Significant options activity was reported in Occidental Petroleum (OXY) and FuboTV (FUBO) today: OXY saw 56,017 contracts (~5.6 million underlying shares), about 61.7% of its 1‑month average daily volume (9.1M shares), led by 7,691 contracts in the $41 call expiring Jan 2, 2026 (~769,100 shares). FUBO registered 61,471 contracts (~6.1 million underlying shares), ~60.8% of its 1‑month ADTV (10.1M shares), with heavy flow in the $4.50 call expiring Feb 20, 2026 (26,884 contracts, ~2.7M shares).

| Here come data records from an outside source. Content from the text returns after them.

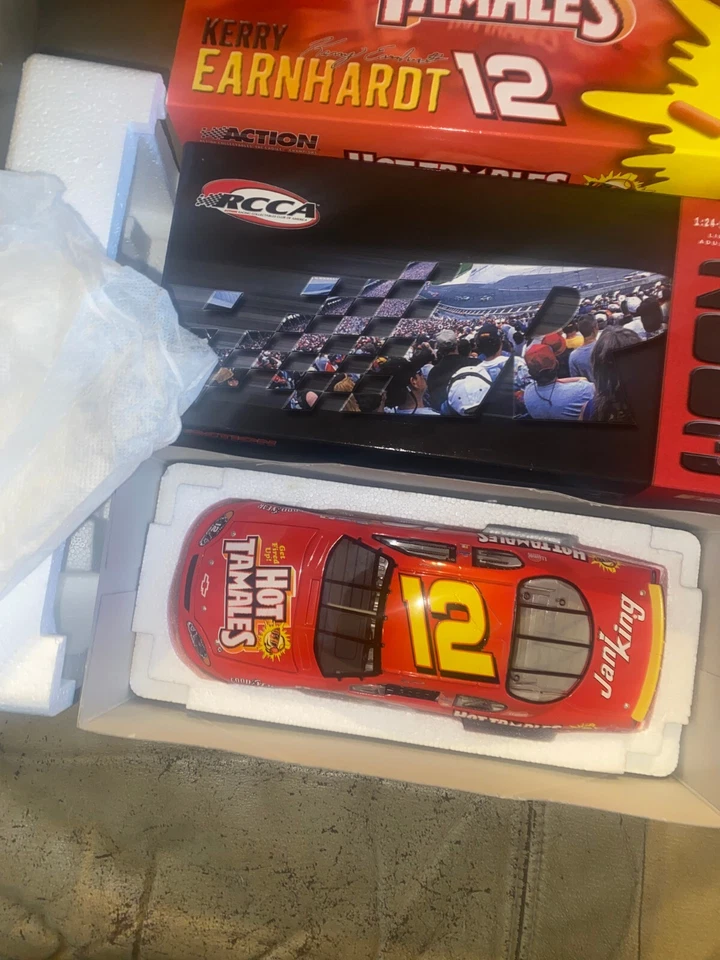 Kerry Earnhardt #12, 2003 Monte Carlo Club Car. Tamales calientes. NASCAR de acción 1:24 Foto 3 de 4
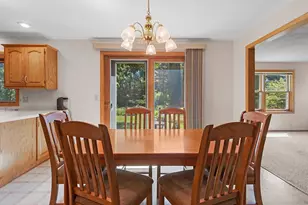 2055 Lynn Dr, Neenah, WI 54956 - Photo 16
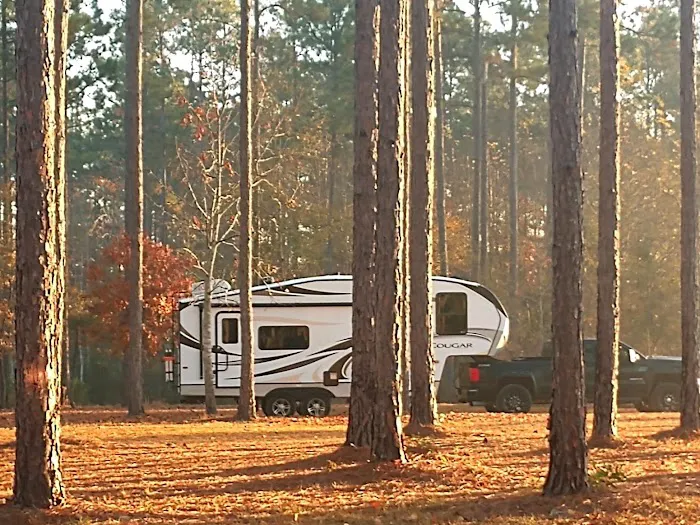 Whispering Pines RV Park Picture 3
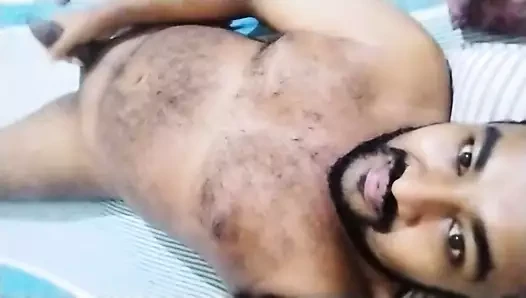 Seksi kıllı Hintli çocuk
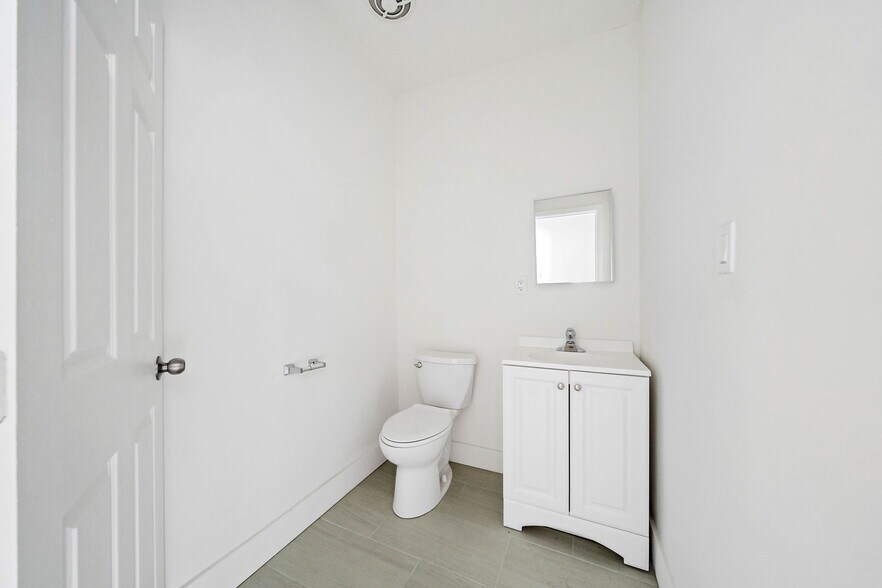 More Photos Of 4311-4315 Eagle Rock Blvd, Los Angeles Storefront Retail Residential For Sale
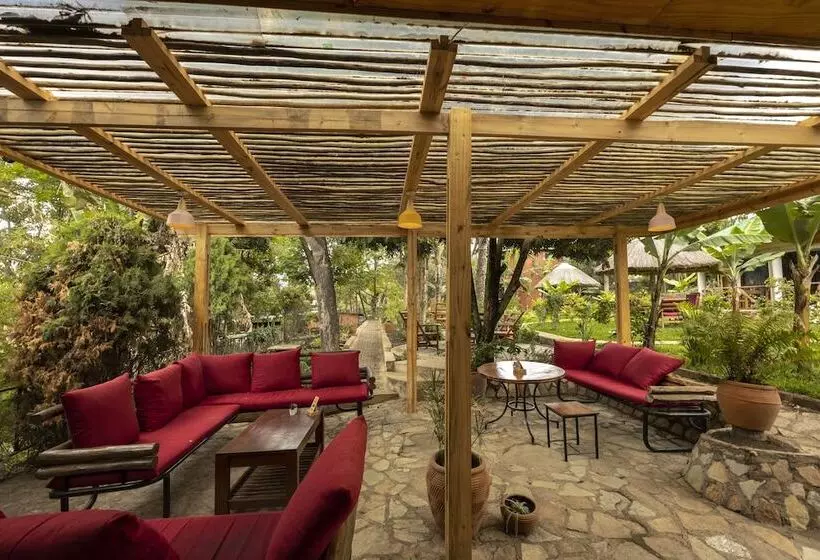 هتل Africa Safari Arusha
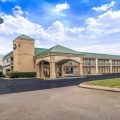 Days Inn by Wyndham Clarksville North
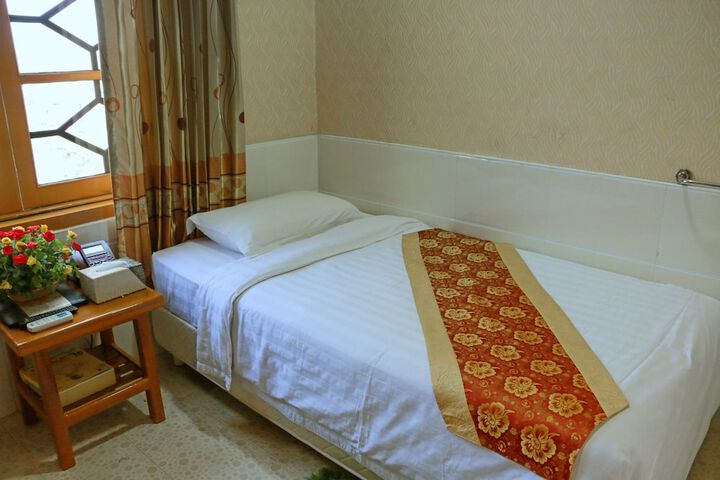 Room 9 of 35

These flows represent unusually large option positioning relative to ADV and could signal concentrated speculative bets or hedging activity that may influence short‑term price and volatility dynamics.

Analysis

Market structure: Concentrated long-dated call flow in OXY (7,691 Jan-2026 $41 calls) and FUBO (26,884 Feb-2026 $4.50 calls) implies directional bullish bets that will force market‑maker delta-hedging purchases into the underlying over coming weeks, effectively creating temporary buy pressure equal to a meaningful fraction of ADV (OXY ~61.7%, FUBO ~60.8%). For OXY this amplifies oil beta — a sustained WTI move >5% in 3–7 days would materially change flow; for FUBO it signals retail/speculative positioning that can drive 10–30% short-term moves on sentiment. Risk assessment: Tail risks include a rapid unwind if sellers of those calls are short gamma (sudden volatility spike) or if macro shocks (oil crash, ad revenue miss) occur; a 20%+ downside swing within days is plausible for FUBO and 10–20% for OXY in extreme scenarios. Time windows: immediate (days) = gamma-induced flows; short-term (weeks–months) = earnings/subscriber or oil fundamentals will determine realized moves; long-term (quarters) = fundamentals reassert and options-driven dislocations should mean-revert. Trade implications: Favor defined‑risk bullish exposure to OXY via calendar or vertical call spreads (Jan‑2026 expiries) to capture upside from delta-hedging while capping premium; for FUBO prefer small, asymmetric long-call spreads or buy-writes given likely high IV and retail momentum. Consider relative trades: long OXY vs short larger-cap diversified energy (e.g., XOM) to capture rerating; avoid naked short vol in either name. Contrarian angles: Consensus assumes flow = sustainable fundamental shift; this may be overdone — heavy long-dated call buying can be a levered speculative punt that reverses once implied vol re-prices or if positions are unwound. Historical parallels: 2019–2021 concentrated call buying in single names produced short-term squeezes then mean reversion; plan exits at specific price/IV thresholds to avoid being caught by gamma flips.